- meeting with Prof Reiss
    my office hours are open-door, so we can't discuss things privately
    you can email me and probably schedule a time
- topic coverage (vectors)
    exam will be a majority on things from the last third of the semester
    about twice as long as a midterm
- likely 3:30pm section will be in Rice 130
    will send email with actual policy

- storing values in TLB
                            vvv---------- what the cach estores
    TLB is cache [VPN] --> [PTE]    
                  ^^^----- index and find entry 

    unlike a "normal" cache:
        * use the VPN instead of a physical address
            * split the VPN into tag/index/offset
        * store single page table entries instead of blocks of multiple bytes of data
            single page table entry --> 0 offset bits
        * rely on the OS running a special instruction to handle writes to PTEs
            (instead of detecting automatically)

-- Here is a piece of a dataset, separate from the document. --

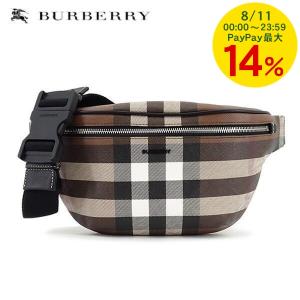 バーバリー BURBERRY London England メンズ ベルトバッグ CASON 8052806 DARK BIRCH BROWN A8900 24ss｜worldclub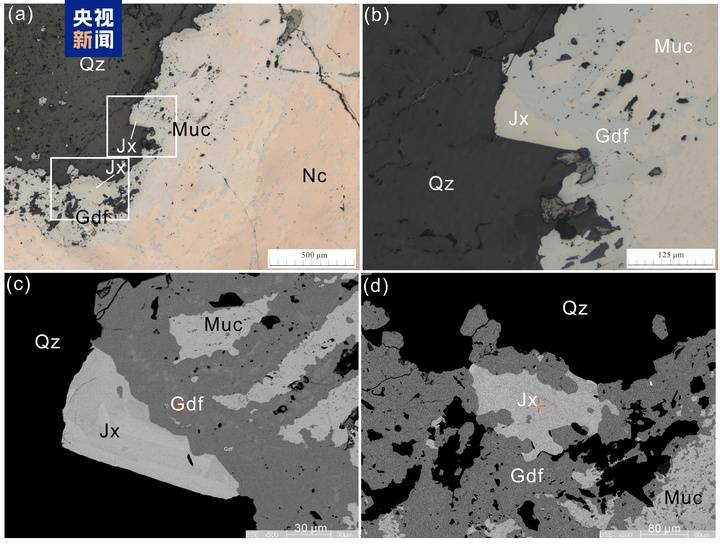 我国发现新矿物<strong></p>
<p>虚拟币跟区块链的区别</strong>，正式命名为金秀矿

    values are stored in the TLB whenever we need to lookup a page table entry for an access
        (and we don't find it)
            stored based on the VPN  used to lookup the page table entry
    values are evicted when the OS runs a special instruction

- changing page tables
    whenever the OS changes a page table entry, it needs to make sure that no TLB
    contains a copy of it (or else the TLB might continue using that copy)

    on a multi-core system, there are multiple TLBs
        the special instructoin to clear out parts of a TLB needs to on the core with the TLB
        this means a multicore OS might need to run some code on a different core to edit a page table entry

    "TLB shootdown" --- trigger an interrupt just to run that piece of code on another core

- overlapping TLB and L1 access
    cache access steps:
        * lookup the correct set of the cache   [index bits]
        * extract the correct part of the block [offset bits]
        * compare the tag to determine the correct block [tag bits]

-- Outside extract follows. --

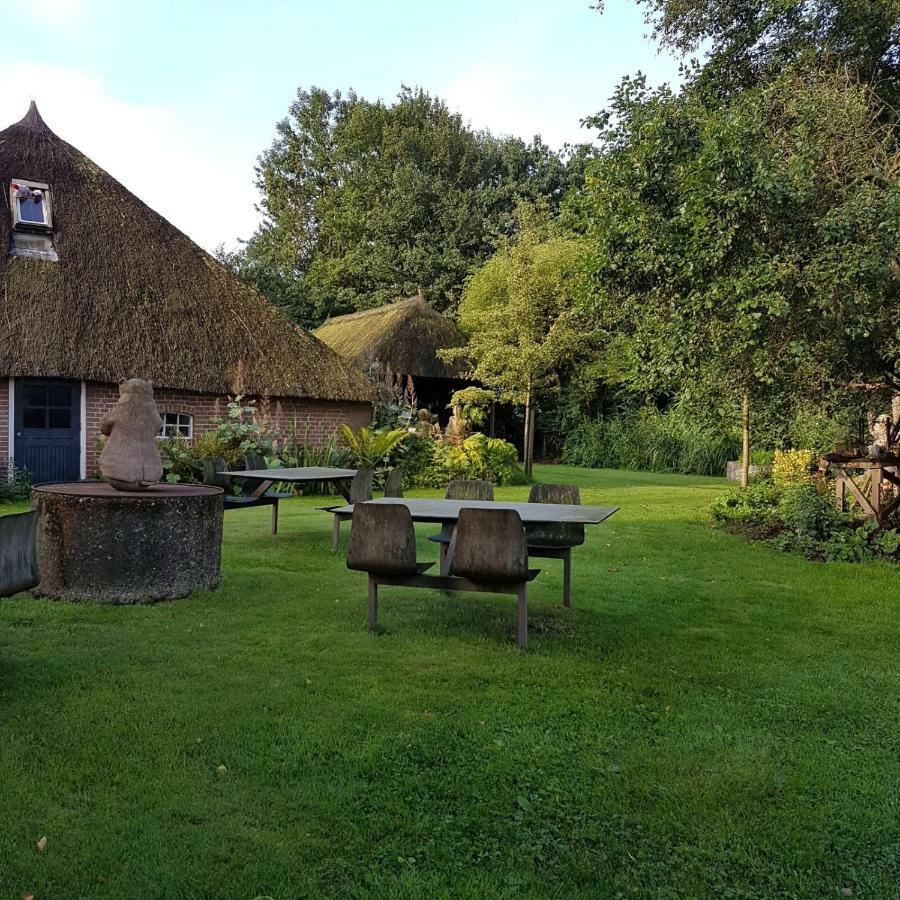 Maison d'hôtes Boerderij Met Atelier à Dalfsen Extérieur photo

    typically we will use only physical addresses for our caches
        (yes, there are processors which don't do this, but it creates other issues)

    tag/index/offset therefore are parts of the physical address

        virtual address
     [          VPN        ][         PO      ] 

        physiscal address    vvvvvvvvvvvvvvvvvv---------------------------------same as virtual address
        [        PPN       ][         PO      ]  (based on the page size)
        [  cache tag          ][ index][ offst]  (for the L1)

    we can figure out the page offset part of the physical address IMMEDIATELY
        therefore we can do the cache access steps that only require that piece of address immediately

    if index bits fit within the page offset, we can immediately lookup the correct set
            --> start doing the cache lookup before we have the PPN (which we'll get from the TLB)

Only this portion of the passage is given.